What Are Toes-to-Bar?
There are two different types of toes-to-bar: strict and kipping.
Strict toes-to-bar: Keeping the lats engaged while pressing down on the bar, you focus on tucking your pelvis under and using your lower abs to drive your feet up to the bar. Strict is an excellent way to build overall body strength, from your core to your grip.
Kipping toes-to-bar: Kipping toes-to-bar is the same concept of the strict, but you are adding in a kipping motion to help give yourself momentum to get your feet to the bar. This puts you in a steady flow. Kipping adds speeds and tends to use more energy.
There are many benefits to doing toes-to-bar or some toes-to-bar variation. The complete movement requires you to use a considerable amount of muscle strength, control, and coordination. It improves your grip, shoulder, and back durability. Not only does it help build more of a solid base of support for our larger muscles, but it also carries over to our hip flexors, obliques, and upper/lower abs.
How Do You Do Toes-to-Bar?
The toes-to-bar exercise starts with two prominent positions – the hollow body hold and the bow/superman hold. Once you master these two positions on the floor, you can then bring them to the bar.
Don’t quite have toes to bar well enough to use them in a workout for time? Tear your hands or fatigue your grip so that toes to bar are not an option today? There are so many different variations of the toes to bar that you can use as a modification. Here are some modifications you can try:
Make sure your quads are prepped for this! This type of toes-to-bar makes for a quick cycle time but uses a ton of lat engagement. So, for workouts that are fast and are lower in toes-to-bar volume, try out this option.
This swing allows an athlete to keep their straight leg for the majority of the swing but will transition to a short ‘flick’ to kick the toes to the bar. This is an excellent option if an athlete has good hamstring flexibility and wants to move through the toes-to-bar as quickly as possible, without fatiguing the lats as soon as a knees-to-armpits style swing would.
Take it to the floor
You can take it to the floor and do V-ups, tuck-ups, or straight-legged sit-ups. Keep it as challenging as you can manage to move through. Usually a 1:1 or 2:1 ratio for subbing in the movement: Toes-to-Bar.

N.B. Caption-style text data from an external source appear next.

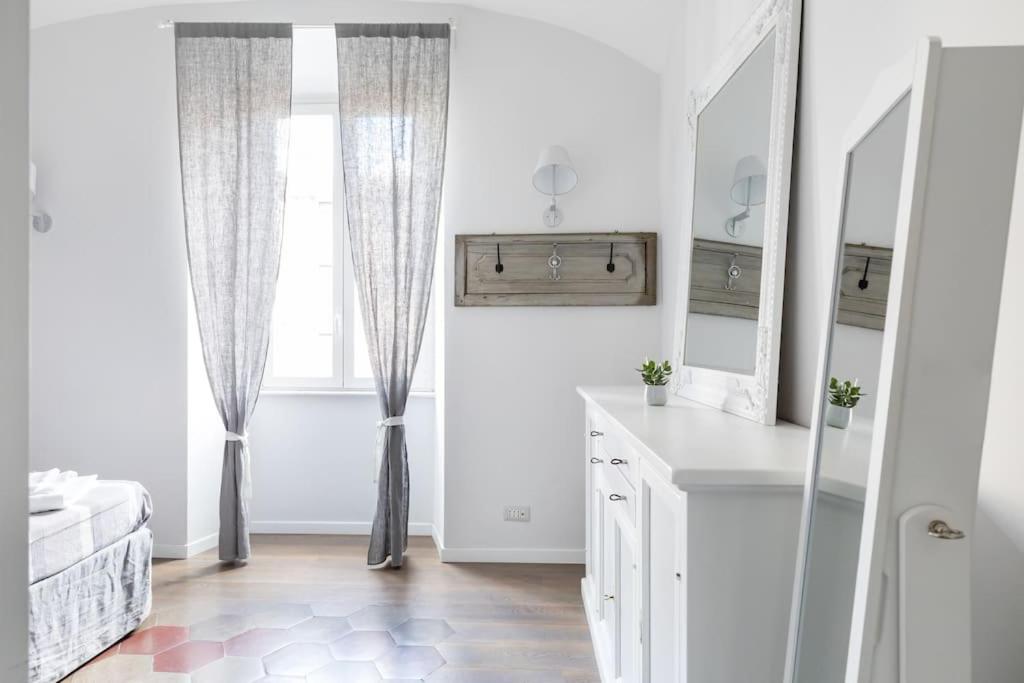 Casa Esquilina Apartment โรม ภายนอก รูปภาพ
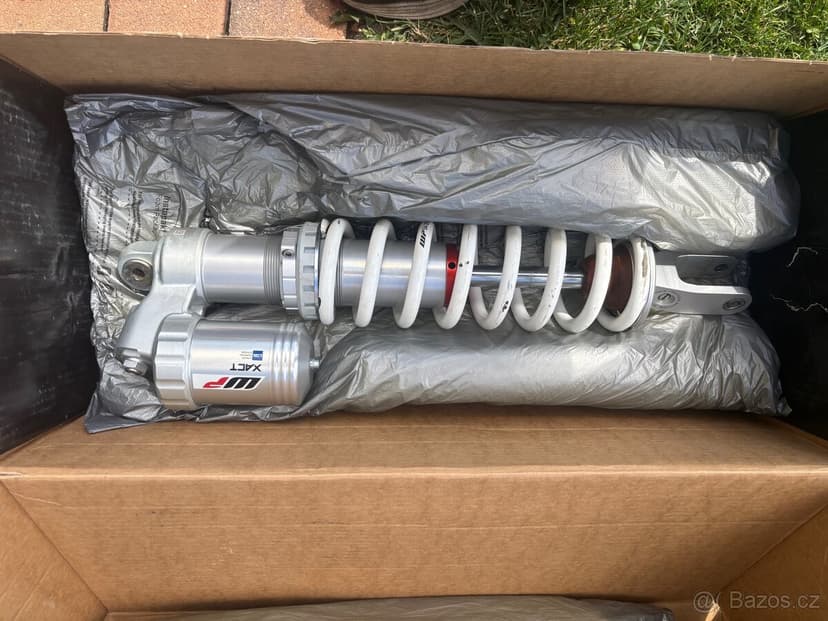 WP xact vidlice + tlumič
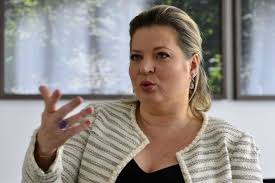 The federal deputy joice hasselmann (psl) formalized an incident report at the 2nd civil police precinct, in asa norte, brasília. Joice Hasselmann Chama Jornalista De Maluca E Diz Que Vai Processa La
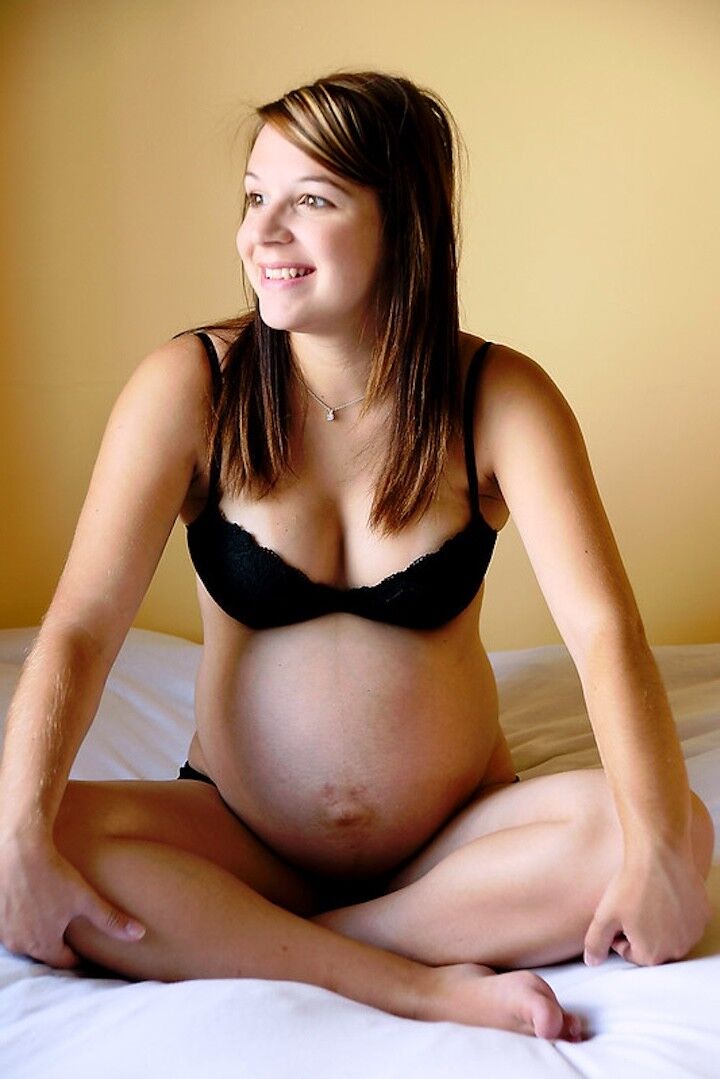 Sexy Pregnant Girls 2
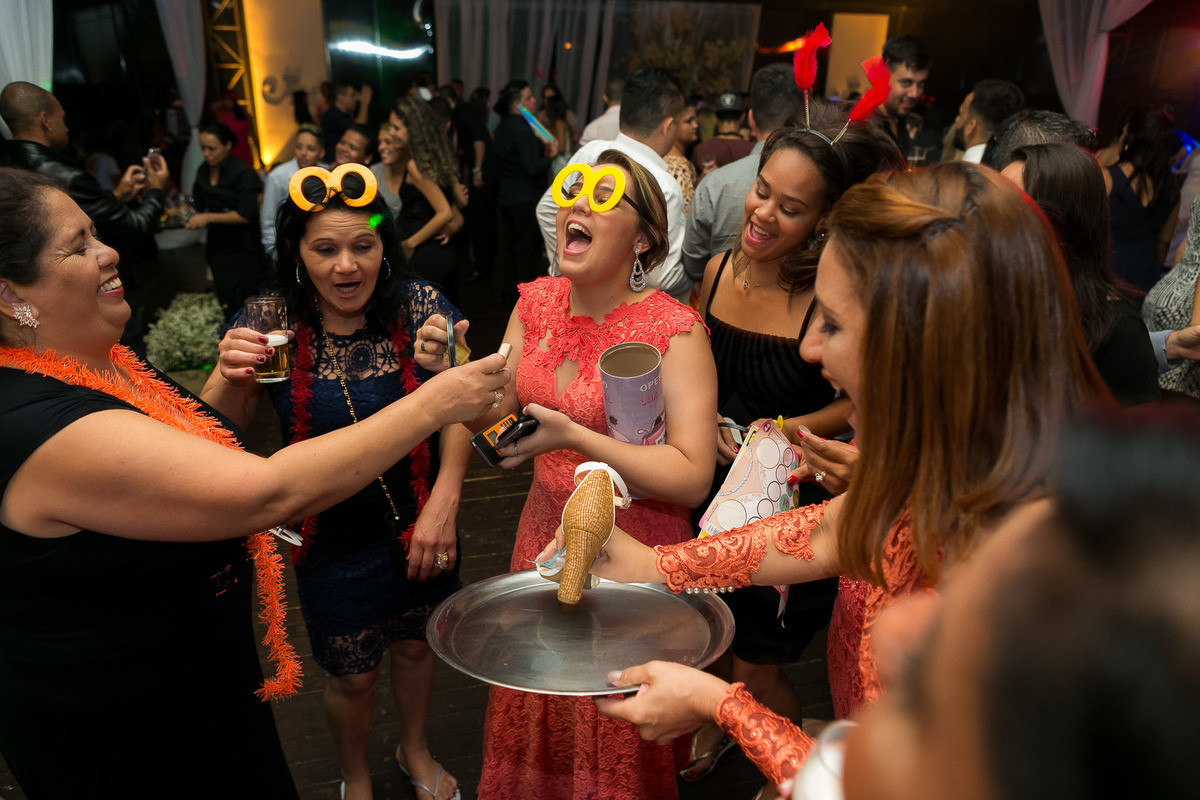 madrinhas pedindo dinheiro durante a festa do casamento no campo no Espaço Carpe Diem em Itapecerica da Serra São Paulo Casamento Tamires e Rafael cerimônia no campo casamento no campo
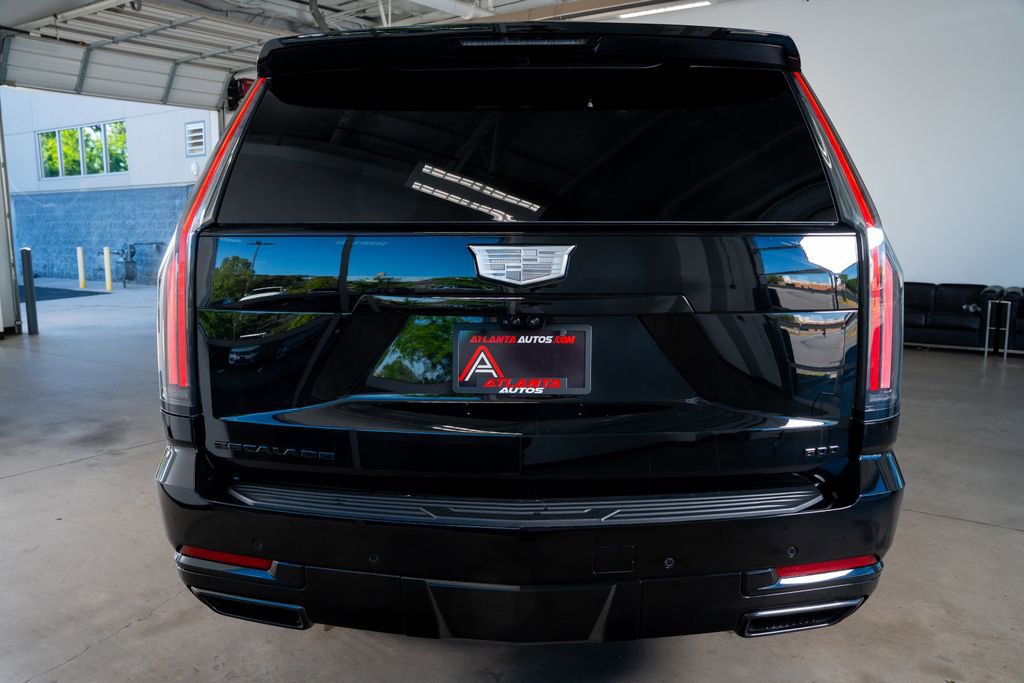 Used 2026 Cadillac Escalade ESV Platinum Sport w/ LPO, ONYX Package image 11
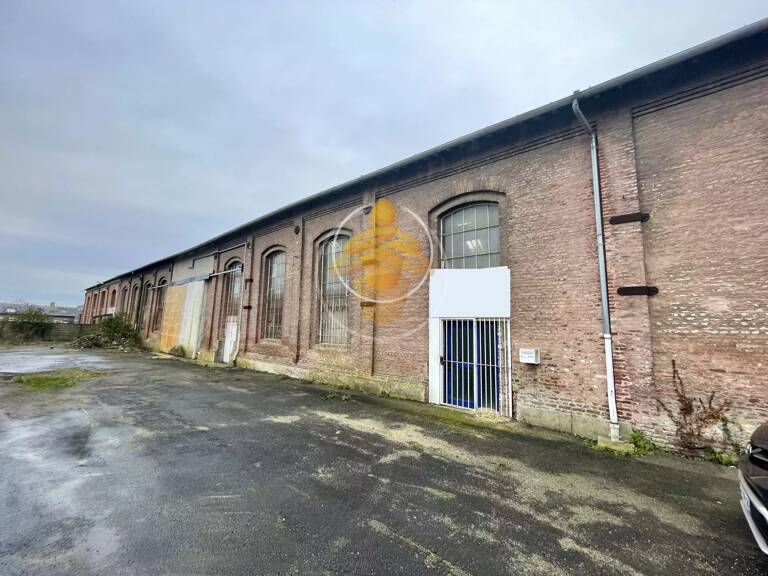 Vente Entrepôt de 2000 M² — photo 1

Sometimes the neutral hand position and the give of the straps is just what you need to get those feet up there for the tap. Give these a try for something a little different!
Hanging Knee Raises
These are an excellent option for those with the grip endurance who want to practice their kip swing but can’t quite get their toes to the bar, or for when touching them to the bar throws you offbeat in a timed workout. All parts of the movement remain the same except the toe kick, so they are a great way to practice and still get a great workout stimulus.
Knees-to-Chest or Elbows
These are another excellent option for those with the grip endurance who want to practice their kip swing but can’t quite get their toes to the bar, or for when touching them to the bar throws you offbeat in a timed workout. All parts of the movement remain the same except the toe kick, so they are a great way to practice and still get a great workout stimulus!
No matter which option you choose, look at the stimulus of the workout, and try to pick one that goes with it for the day. All of them are good for you and are going to benefit you in one way or another!
Toes-to-Bar Strategies for Workouts
You don’t have to be a gymnast to be good at toes-to-bar. It’s about playing your own game and knowing what you as an athlete are capable of. In any workouts, but especially competitive workouts like the Open, you want to have a plan on how to keep yourself moving continuously throughout the workout to achieve the highest possible score.
Here are a few different strategies you can use for toes-to-bar. Test them out to see which ones help you move the fastest and most efficiently throughout the workout.
1) Quick Sets with Short Rests
A quick set is different from athlete to athlete but what it means, no matter the rep scheme you use, is that you can knock it out and jump right back up into the next set with only a short rest in between. You know yourself best, so whether it’s sets of 8, 4, 2, have a number in your head for your sets that you know you can hit every time you reach for the bar. Clustering your reps this way is always better than doing a big set and staring at the bar for 20 seconds before you go again because, over the course of the set, you will spend less time on this station.
There is absolutely nothing wrong with going to quick singles on any movement, toes-to-bar included. You would be surprised at how fast you can push through them as well as conserve energy. Whether it’s saving your lungs, grip, or just resting time in between, singles should always be something you can fall back on if your strategy from the start doesn’t go as planned. If you go with this strategy, YOU MUST get back on the bar right away for your next rep – rests should be only a second, maybe two.
3) Never Go to Failure
Toes-to-bar is one of those movements that when they go, they go. Stay in your lane, focus on you, and push yourself to your athletic abilities – not to the skills of those around you. The last thing you want to do is burn out because that makes it harder, if not impossible, to get back up on the bar. Smart sets lead to a high performance so never push your set to the point of failing a rep or losing your kip rhythm.